__What is needed__
All of the entries must appear again exactly as written.

__Exercise data__
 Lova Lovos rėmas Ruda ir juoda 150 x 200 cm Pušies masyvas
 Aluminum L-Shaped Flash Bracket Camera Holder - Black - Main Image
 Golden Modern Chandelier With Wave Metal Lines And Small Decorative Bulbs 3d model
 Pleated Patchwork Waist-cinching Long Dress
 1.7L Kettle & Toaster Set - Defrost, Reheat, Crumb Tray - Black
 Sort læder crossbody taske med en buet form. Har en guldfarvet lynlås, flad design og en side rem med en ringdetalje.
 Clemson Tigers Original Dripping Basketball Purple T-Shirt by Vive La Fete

__Result__
 Lova Lovos rėmas Ruda ir juoda 150 x 200 cm Pušies masyvas
 Aluminum L-Shaped Flash Bracket Camera Holder - Black - Main Image
 Golden Modern Chandelier With Wave Metal Lines And Small Decorative Bulbs 3d model
 Pleated Patchwork Waist-cinching Long Dress
 1.7L Kettle & Toaster Set - Defrost, Reheat, Crumb Tray - Black
 Sort læder crossbody taske med en buet form. Har en guldfarvet lynlås, flad design og en side rem med en ringdetalje.
 Clemson Tigers Original Dripping Basketball Purple T-Shirt by Vive La Fete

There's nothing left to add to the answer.